Schon von Weitem sah ich Brandees vom Feuer beleuchtete Gestalt in der Nacht. Sie tanzte. Sie tanzte einen wilden, aufregenden Tanz und das war der Grund dafür, dass die anderen Josh und mir nur wenig Beachtung schenkten, als wir die Runde am Feuer betraten.
»Du blutest«, sagte Laura, als Josh sich neben sie setzte. »Dein Hemd hat auch was abgekriegt.« Er hatte wieder Nasenbluten und sie organisierte ihm ein Papiertaschentuch.
»Er ist auf einem Treibholzstamm ausgerutscht und hat sich die Nase blutig geschlagen«, sagte ich.

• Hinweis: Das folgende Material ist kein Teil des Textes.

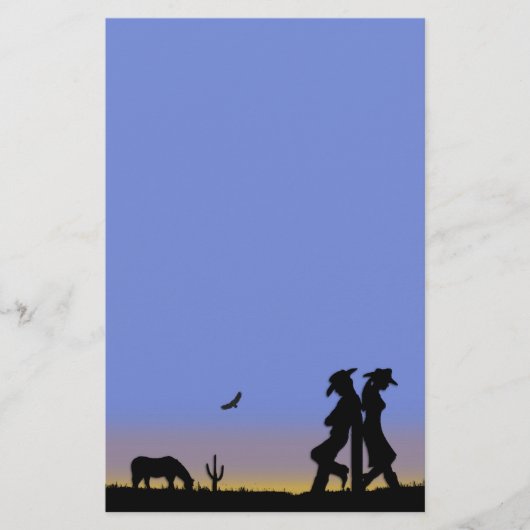 Papeterie Cowboy occidental (Devant)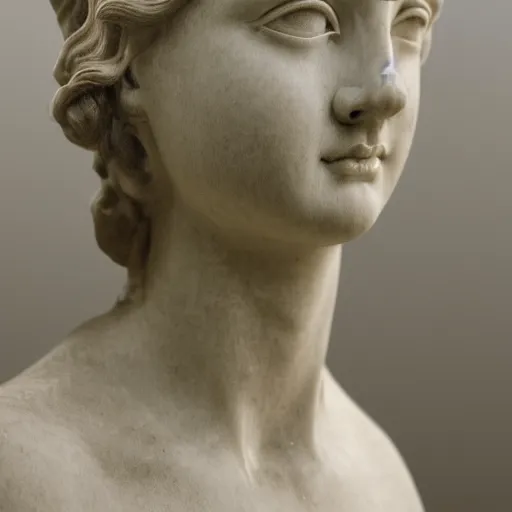 Image similar to beautiful face young ancient greek pious woman marble sculpture, dynamic lighting, cinematic, establishing shot, extremely high detail, shining, photo realistic, cinematic lighting, intricate line drawings, 8k resolution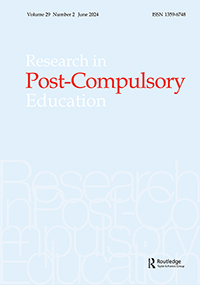 Cover image for Research in Post-Compulsory Education, Volume 29, Issue 2, 2024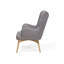 Linda Upholstered Armchair with Footstool-17953306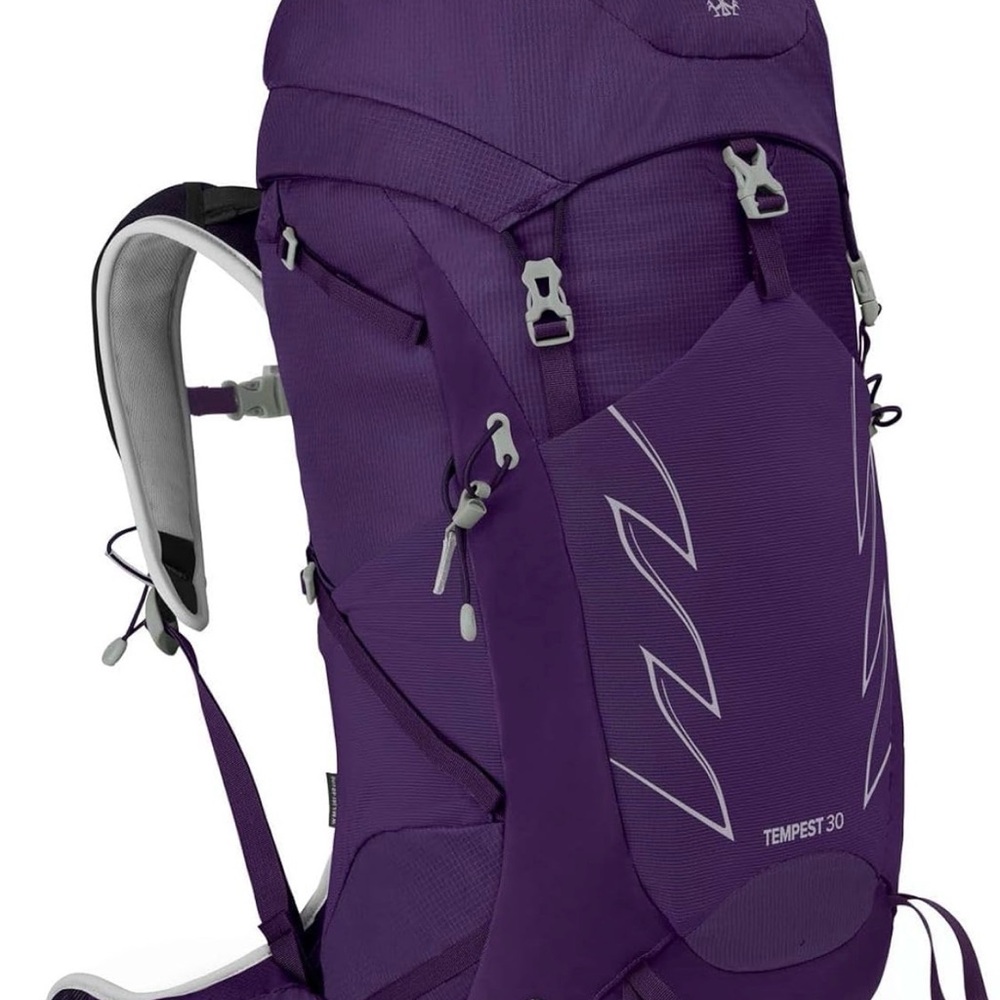 Osprey Tempest 30L Women's Hiking Backpack with Hipbelt, Violac Purple, WXS/S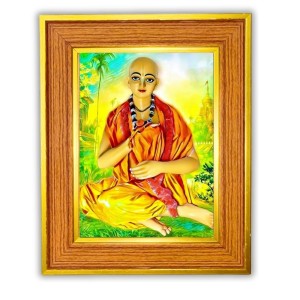 Lord Sri Chaitanya Mahaprabhu Photo Frame 10x14 Inches-Brown Wooden Frame For Home, Office & Temple Decoration And Gifting (F6459) Lord Sri Chaitanya Mahaprabhu Photo Frame 10x14 Inches-Brown Wooden Frame For Home, Office & Temple Decoration And Gifting (F6459)
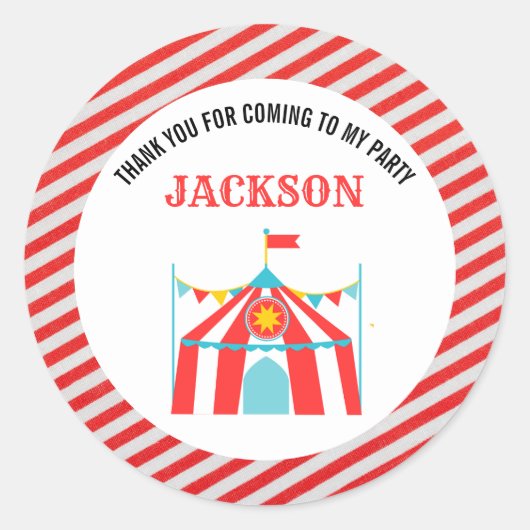 Sticker Rond Anniversaire du Carnaval (Devant)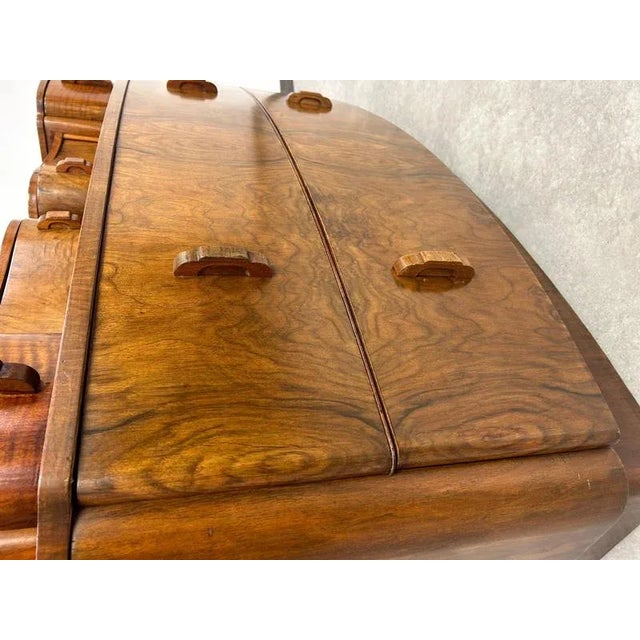Wood Art Deco Cabinet in Walnut, 1930s For Sale - Image 7 of 9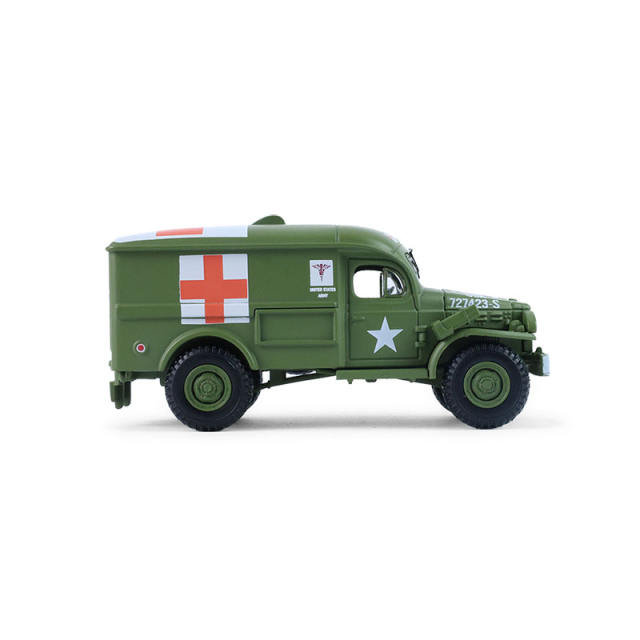 WC54 4x4救护车 - 美军二战战地救援传奇
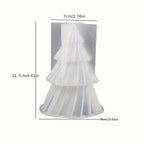 Christmas Tree Scented Candles Silicone Mold DIY Aromath Candle Soap Making Tools Resin Molds Christmas Candle Scented Decor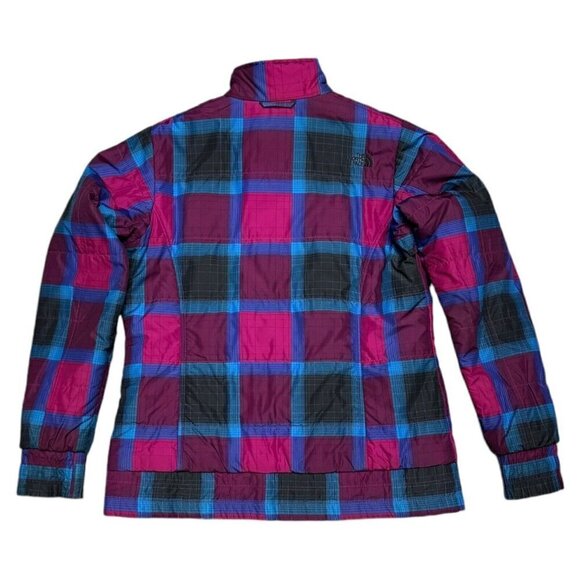 The North Face REVERSIBLE Plaid Insulated Windbreaker Spring Fall Light Jacket M - Picture 9 of 10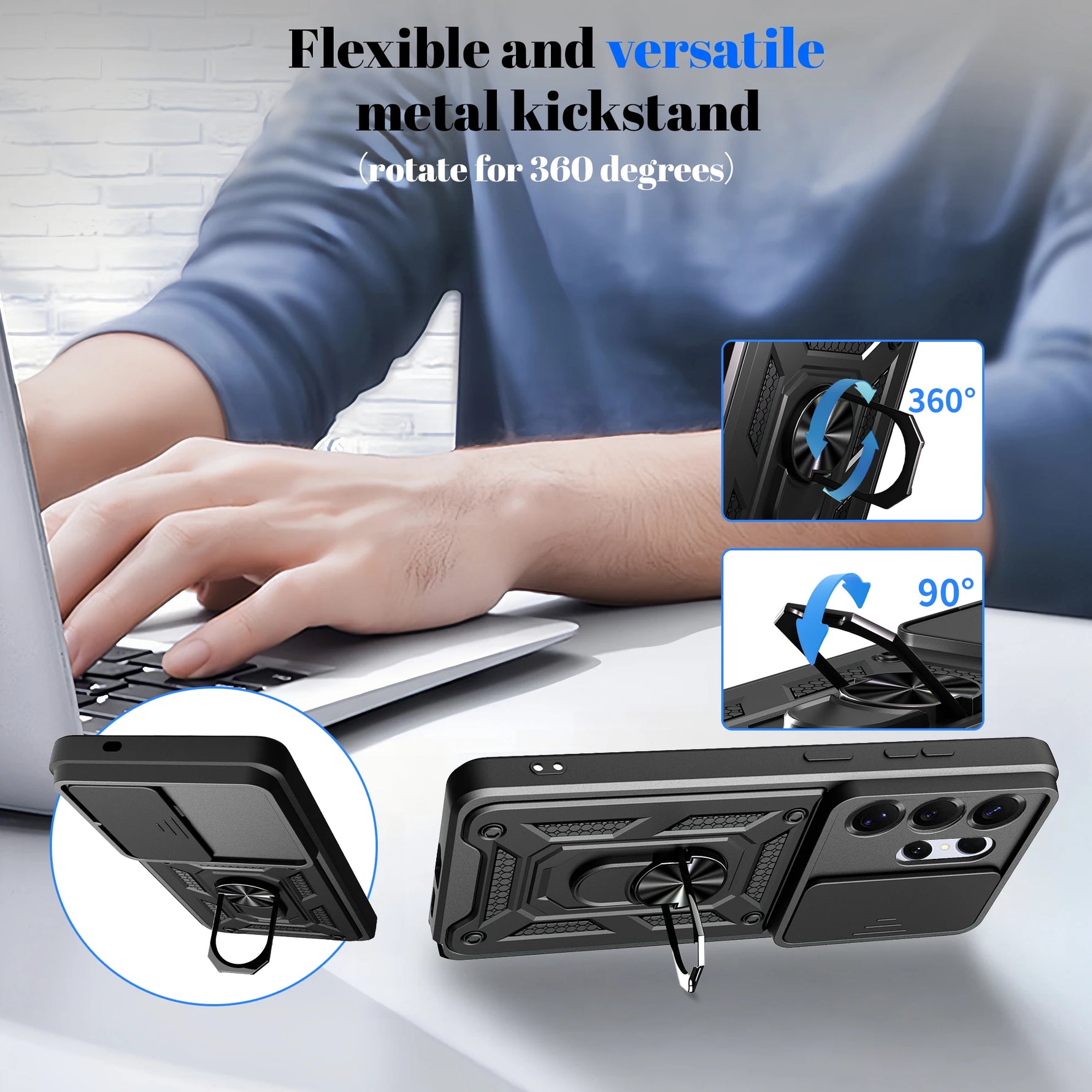 Heavy-Duty Dual-Layer Case for Samsung Galaxy S26 Series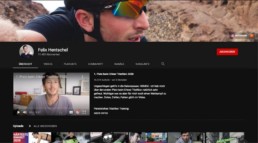 Screenshot vom Laufkanal von Felix Hentschel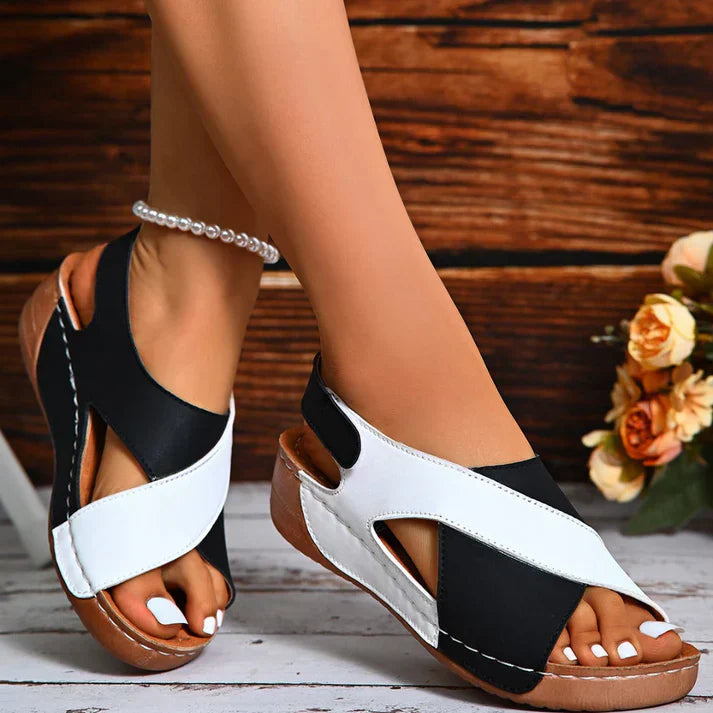 Slingback Sandaler med Krydset Rem | Komfortsål | Afslappet & Sommerklar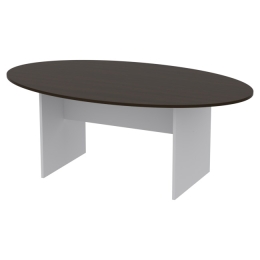 Стол для переговоров СТЗ-12 О цвет Серый+Венге 200/120/76 см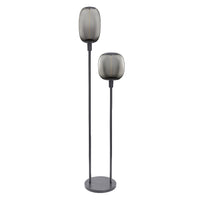 OSRAM Decor Stick Vloerlamp Donkergrijs 146cm 2x E27, exclusief lampen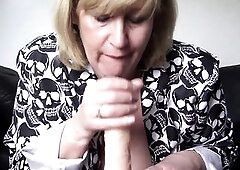 Dirty Stepmom lets u see her naughty blow job practice.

Joshs Blick streifte mich kurz, aber er sagte nichts. Seine Aufmerksamkeit galt Brandee, die sich in den Hüften wiegte wie eine indische Göttin. Nur viel schneller. Fast sah es so aus, als ob sie mehrere Arme hätte. Die Flammen warfen Schatten auf ihr Gesicht mit den schwarz umrandeten Augen, ihre seidigen Haare flogen, wenn sie sich drehte. Manchmal hielt sie die Hände hoch über den Kopf wie eine Ballerina, dann konnte man ihren schimmernden Bauch sehen. Ich hatte sie noch nie so erlebt, so frei. Was immer sie gut kauen sollte, sie hatte es getan. Brandee flog. Fasziniert sah ich ihr zu und fragte mich, wo sie gerade war auf ihrer Reise.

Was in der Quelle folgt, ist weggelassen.